▶ RECORD SET:
[Start of section]
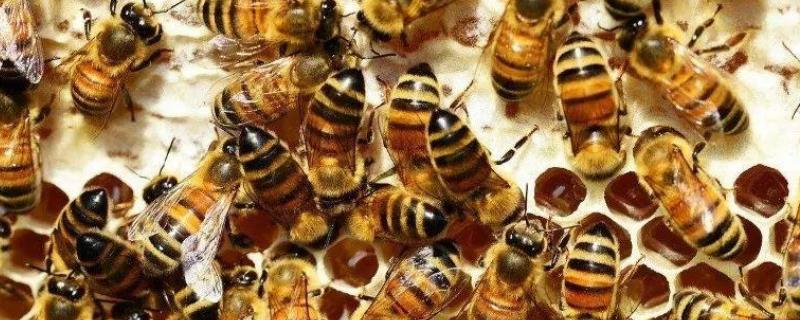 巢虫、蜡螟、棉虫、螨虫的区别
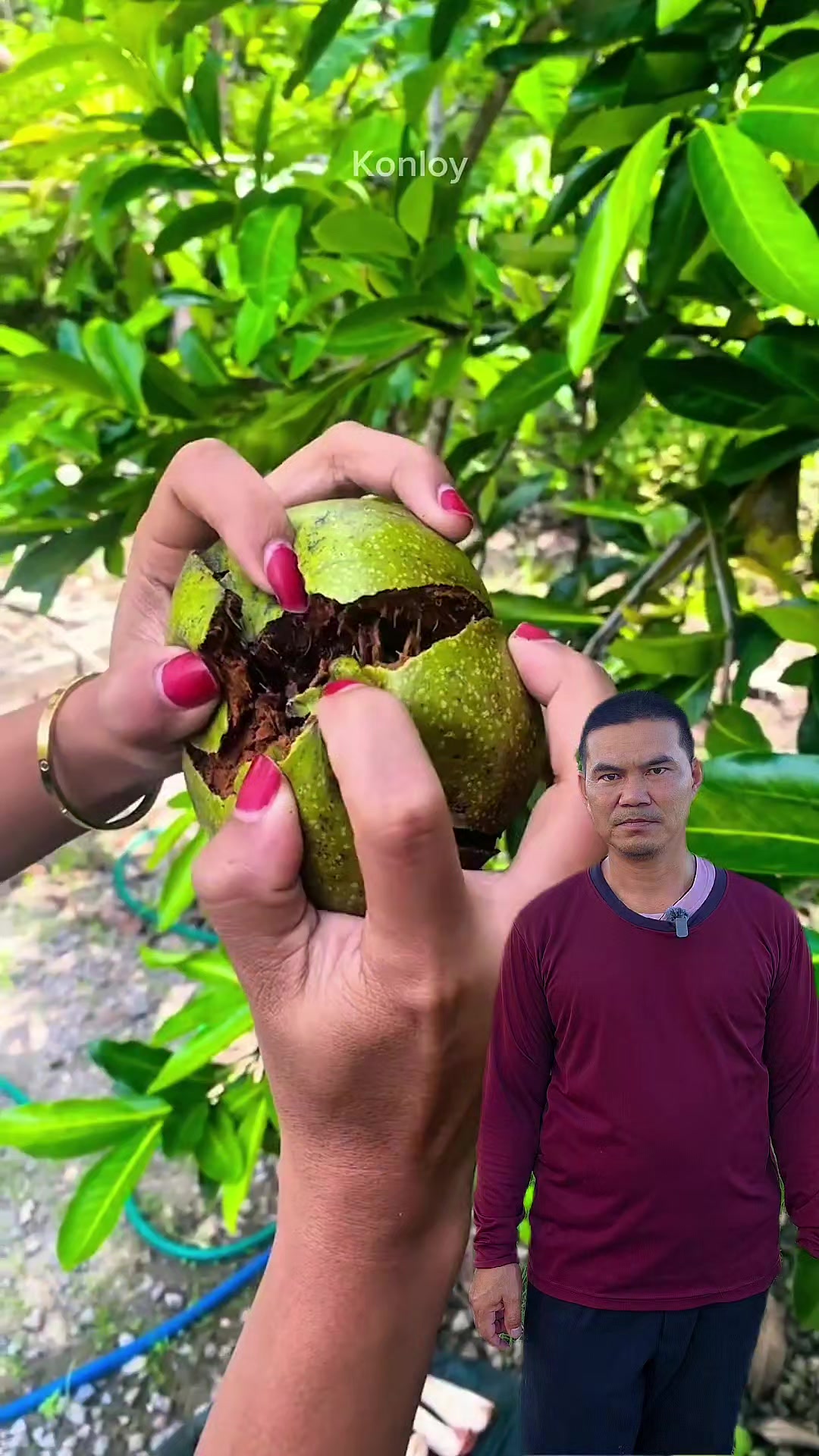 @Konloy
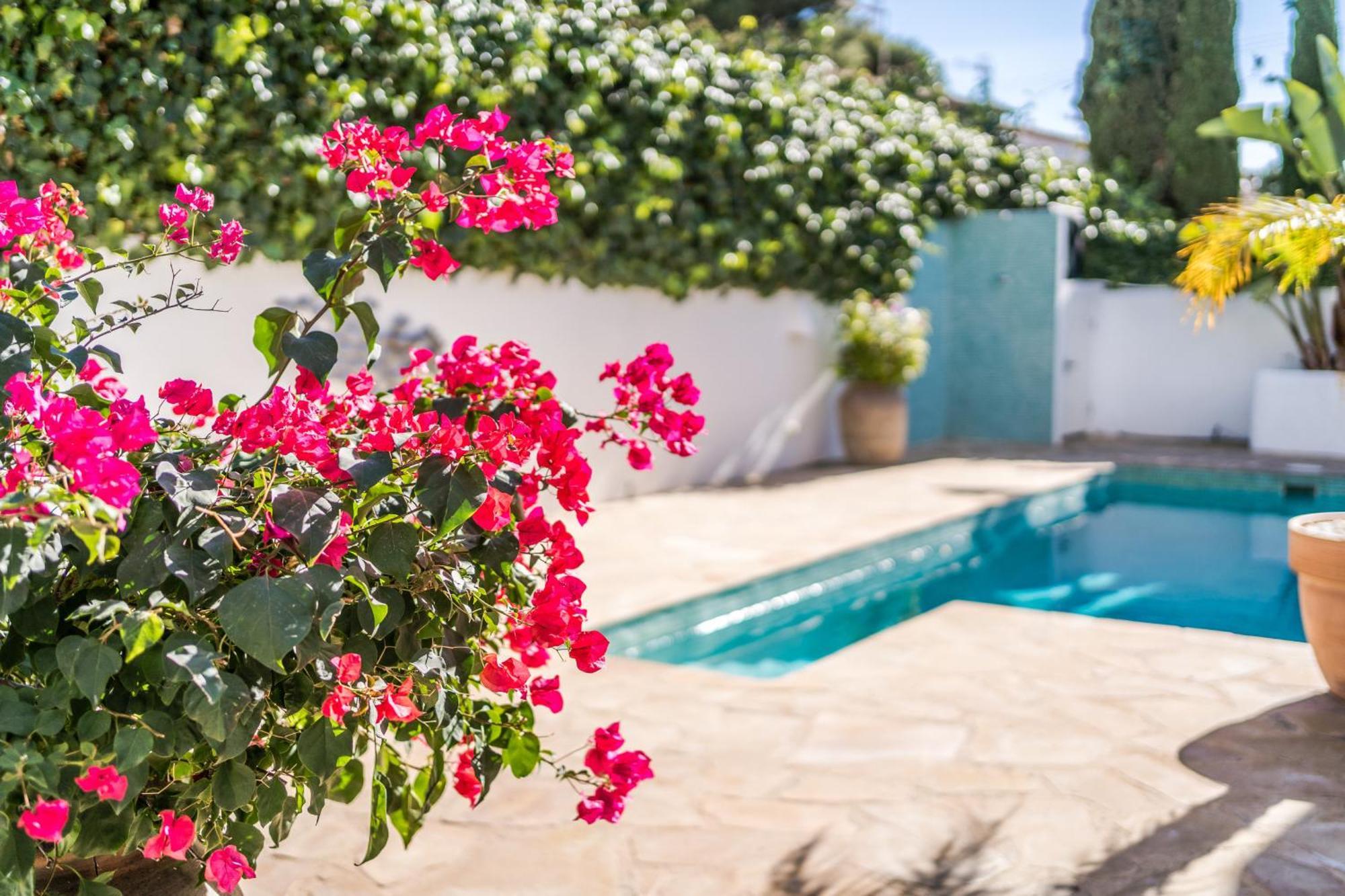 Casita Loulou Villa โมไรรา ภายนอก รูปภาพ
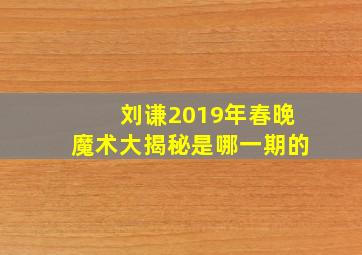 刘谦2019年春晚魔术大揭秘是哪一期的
[End of section]
[Start of section]
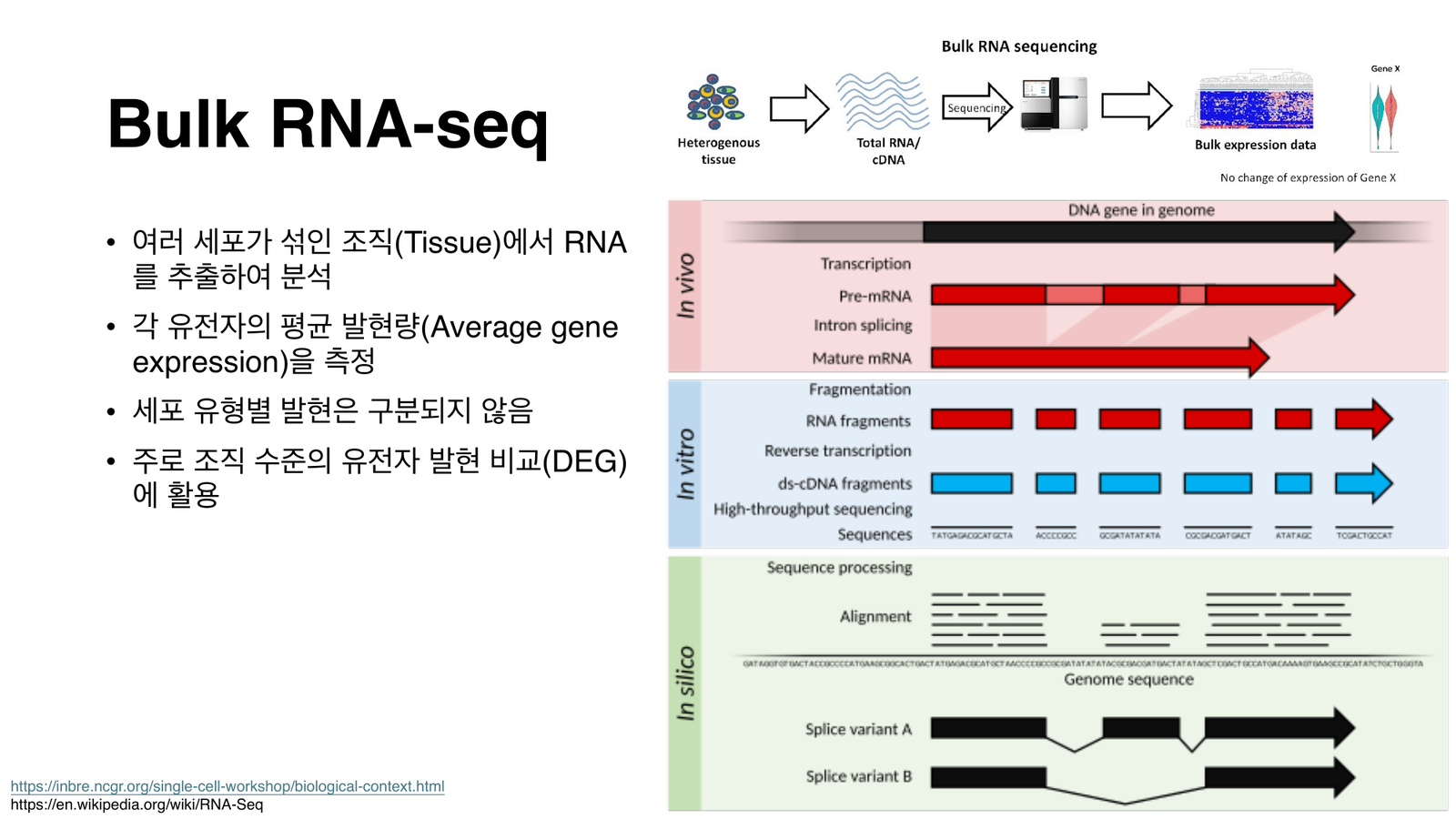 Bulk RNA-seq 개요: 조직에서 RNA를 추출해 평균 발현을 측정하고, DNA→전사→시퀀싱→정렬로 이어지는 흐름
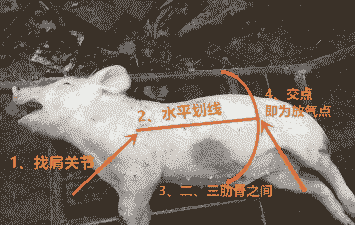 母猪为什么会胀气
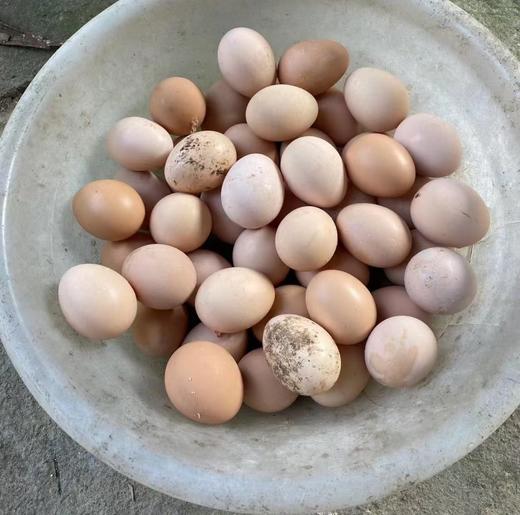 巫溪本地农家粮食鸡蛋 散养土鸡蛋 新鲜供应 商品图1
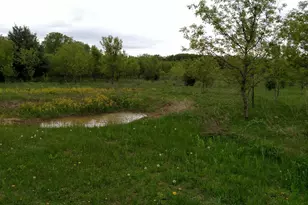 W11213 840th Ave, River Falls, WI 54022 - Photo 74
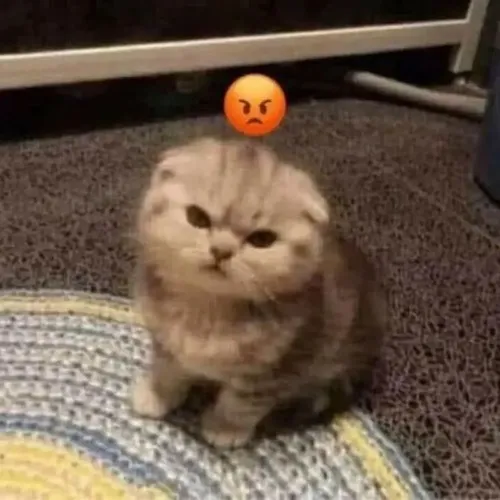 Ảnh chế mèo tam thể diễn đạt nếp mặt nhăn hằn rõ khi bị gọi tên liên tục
[End of section]
[Start of section]
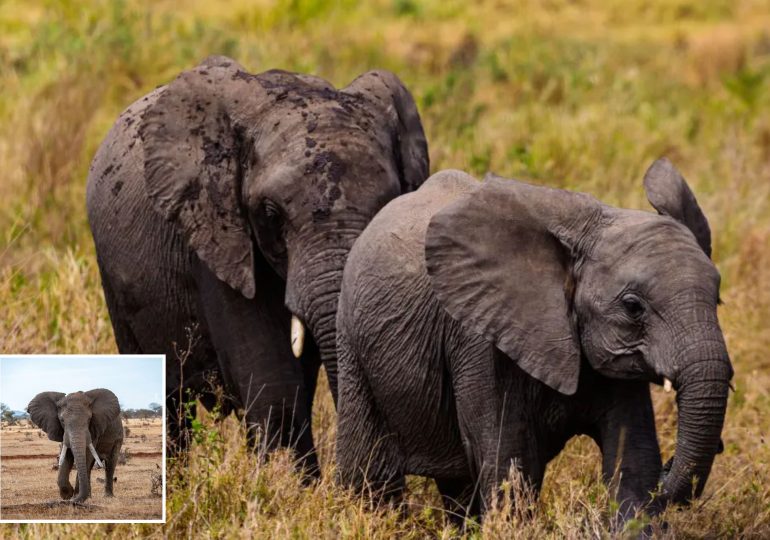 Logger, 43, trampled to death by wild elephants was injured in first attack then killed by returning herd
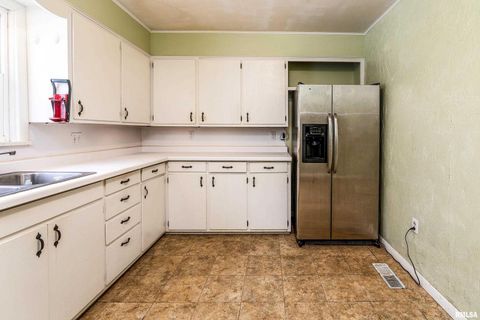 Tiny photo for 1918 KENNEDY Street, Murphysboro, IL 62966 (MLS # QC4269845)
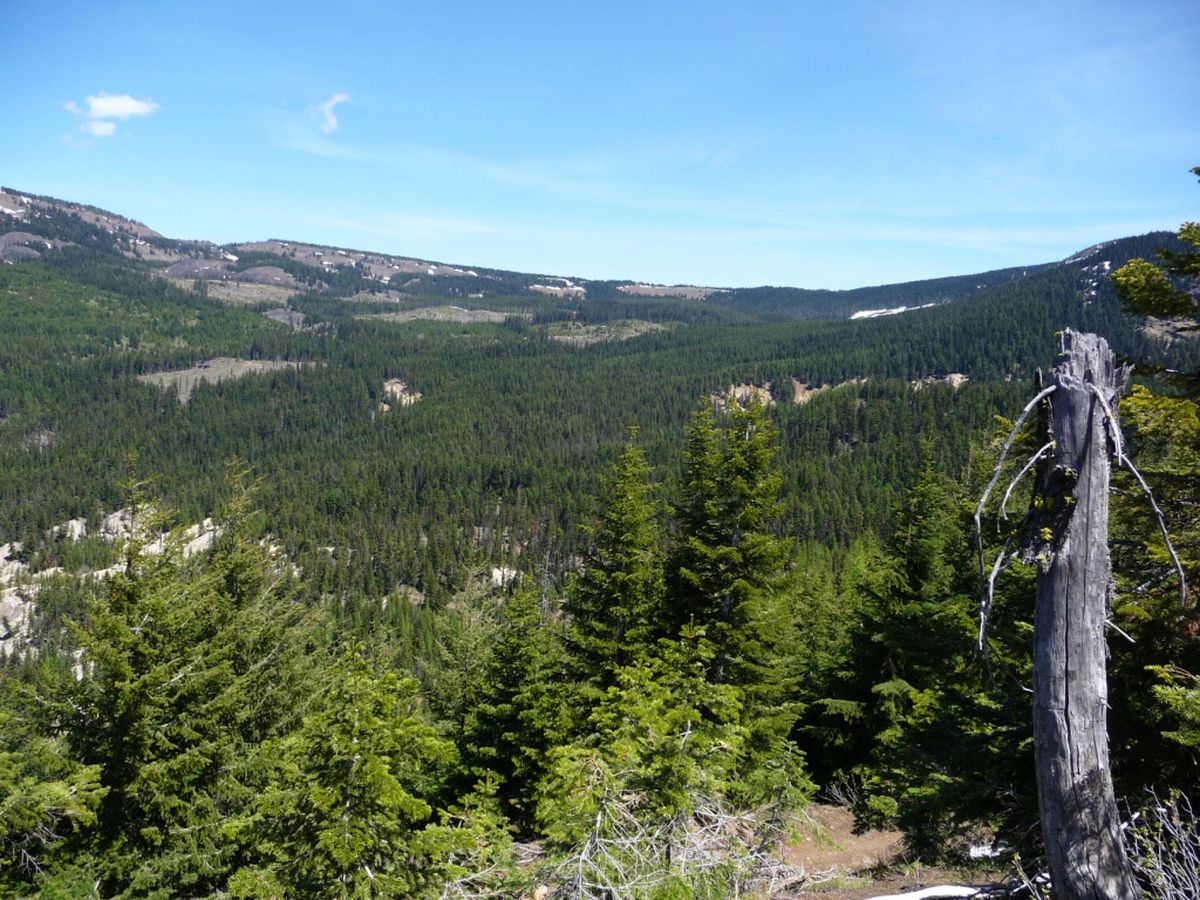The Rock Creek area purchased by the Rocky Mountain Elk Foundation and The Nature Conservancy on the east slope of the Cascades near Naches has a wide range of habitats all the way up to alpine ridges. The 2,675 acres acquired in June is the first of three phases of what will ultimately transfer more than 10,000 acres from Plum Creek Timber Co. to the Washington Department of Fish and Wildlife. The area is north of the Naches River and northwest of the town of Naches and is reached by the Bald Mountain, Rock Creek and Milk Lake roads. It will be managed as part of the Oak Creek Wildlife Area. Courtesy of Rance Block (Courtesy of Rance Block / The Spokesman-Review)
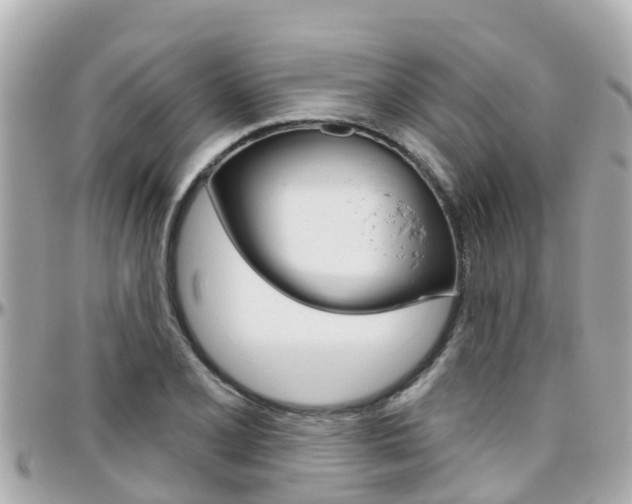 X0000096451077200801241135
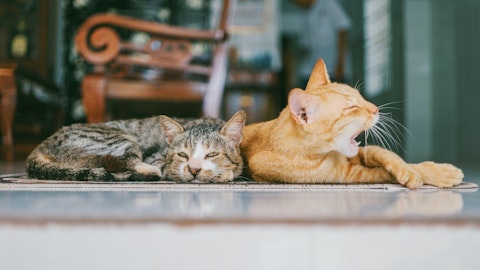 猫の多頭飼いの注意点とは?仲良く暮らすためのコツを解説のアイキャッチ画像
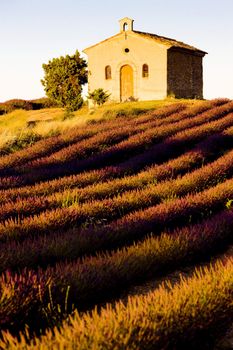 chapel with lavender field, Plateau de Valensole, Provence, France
[End of section]
▶ AIM OF THE TASK: Leaving out all pictures, set down exactly the lines of the material above, from the line with "巢虫、蜡螟、棉虫、螨虫的区别" to the line with "刘谦2019年春晚魔术大揭秘是哪一期的" inclusive, and no others.

▶ RESULT OF THIS EXERCISE:
 巢虫、蜡螟、棉虫、螨虫的区别
 @Konloy
 Casita Loulou Villa โมไรรา ภายนอก รูปภาพ
 刘谦2019年春晚魔术大揭秘是哪一期的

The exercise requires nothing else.